As a first experiment, we conducted a cooperative behavior simulation experiment in which multiple agents share a path and avoid each other’s path at a narrow place along the way, in order to test the effectiveness of the agent model that uses multiple strategies.

In a real-time simulation, the behavior changes as time passes before the agent confirms and judges the behavior of the opponent who want to go in the opposite direction. Therefore, in this study, we simulated in a grid environment. The corridor is a square space consisting of 17 corridors with a width of 2 and a side length of 17, with two narrow points on all side (Figure 1). Agents rotate clockwise and counterclockwise. There are three agents in each direction. Black and white circles in the figure represent the initial placement of agents in two types of directions. Black agents go clockwise.

The agent can observe 2 squares in front, left, right, and one square behind an agent (Figure 2). There are four types of states for each square that an agent can distinguish: empty, wall, clockwise agent, and counterclockwise agent. In each state, the agent chooses to move forward or backward, turn left or right, or stop. The decisions of agents at each step are made before all agents act, and the order of action is determined at random.

In a human–agent collision avoidance experiment [2] in a continuous space, it was suggested that humans were reading the strategy that an agent was following from the difference in an agent action. However, as the interaction was only done once per trial per agent, it was not clear if the same opponent could respond to different strategies. Therefore, in this experiment, we prepared an environment in which agents can pass each other many times by going around the corridor in one trial and take cooperative action again with others whose strategy has changed. The field of an agent view is set to a range of 2 squares in front, which can distinguish between the state where an agent in opposite direction is near and the state where there is no other person in the way.

In this experiment, we used Q-learning, a method of reinforcement learning, to learn the agent’s behavior. In Q-learning, the state in which an agent is placed and the action value that the agent can act in that state are given as Q value. By updating the Q value each time an action is taken, an agent that learns an effective action according to the state that is realized. The value of an action is obtained from a reward r obtained by taking that action and the value of a transition destination state multiplied by a discount rate $\gamma$. The learning rate $\alpha$ is used to adjust how much the newly obtained value is reflected in Q value Equation (1).

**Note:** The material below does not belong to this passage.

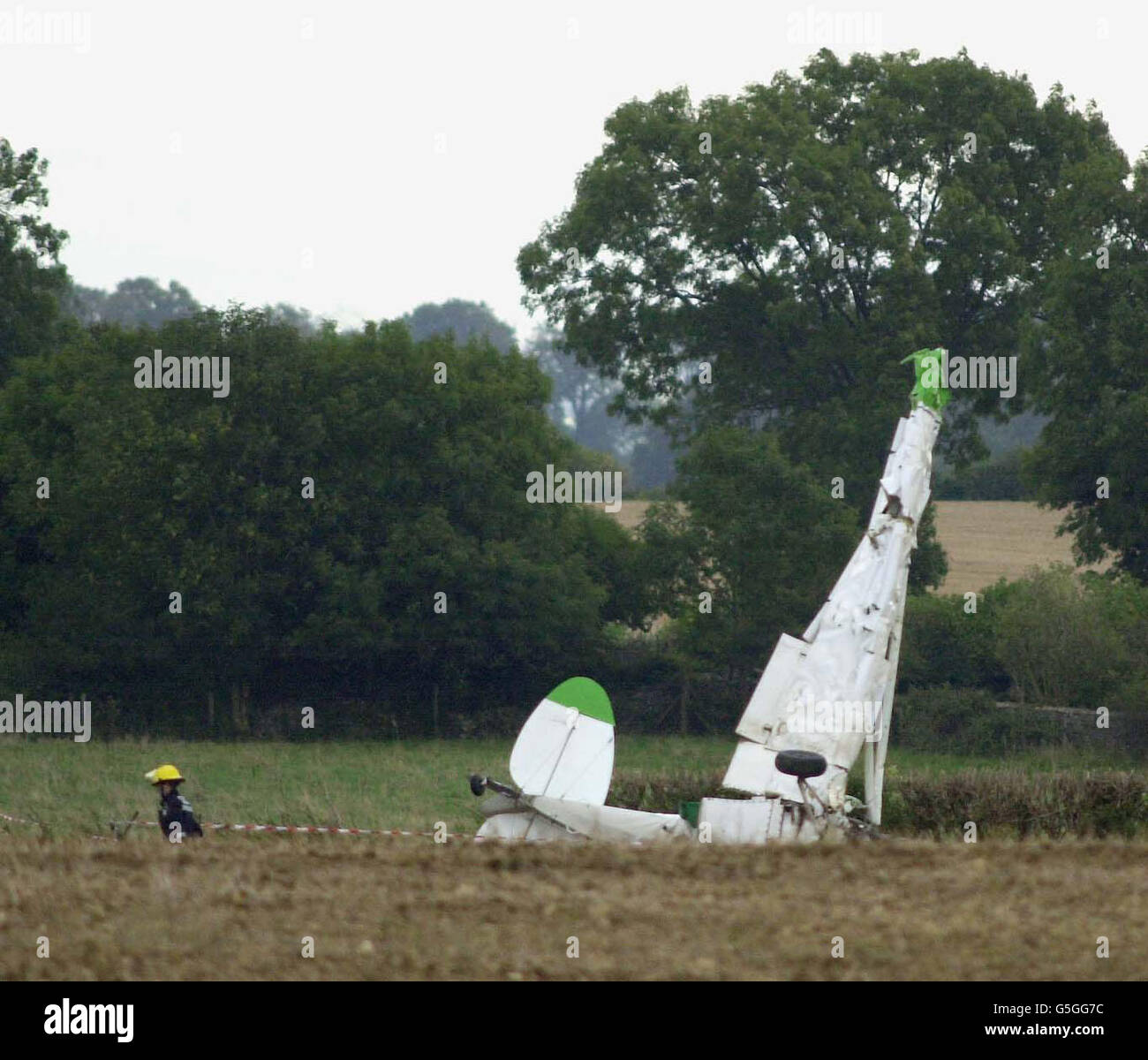 Police search the wreckage of a light aircraft in a field close to Aston Down Airfield near Stroud, Gloucestershire, which is thought to have collided with a glider. Two people were killed in the accident. * 15/9/01: Air accident investigators were examining wreckage after two people were killed in a mid-air collision between a glider and a light aircraft, Emergency services were called to Aston Down airfield, Aston Down, near Minchinhampton, Gloucestershire, yesterday after reports of the collision. A doctor pronounced two people dead, one from each aircraft, found in the wreckage of the Stock Photo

$$\begin{array}{c}\hfill \delta =r_{t+1}+\gamma \underset{Q}{max}(s_{t+1},a)-Q(s_t,a_t)\end{array}$$

(1)

Table 1. Hyperparameters of experimental 1.

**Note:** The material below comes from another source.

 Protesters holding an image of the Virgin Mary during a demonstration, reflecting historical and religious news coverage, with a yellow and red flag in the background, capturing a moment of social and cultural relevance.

Trials	Episodes	Steps	Policy Function	Temperature Drops	Sub-Strategy Alpha
5	3000	500	softmax	500 episodes	same with meta-strategy

shows the hyperparameters of this experiment. The number of steps per trial was 500 for 3000 episodes. The discount rate was set at 0.9 and the learning rate was set at 0.05. Five trials were conducted for each learning method. A temperature-parameterized softmax is used to determine the action from the value function Equation (2). The temperature parameter T decreases linearly from 5 to 0.1 during the first 500 episodes and is fixed at 0.1 Equation (3).

$$\pi (s_t,a_t)=\frac{exp(Q(s_t,a_t)/T)}{{\Sigma }_{a\in A}exp(Q(s_t,a)/T)}$$

(2)

$$T=max(0.1+4.9\ast \frac{500-episode}{500},0.1)$$

(3)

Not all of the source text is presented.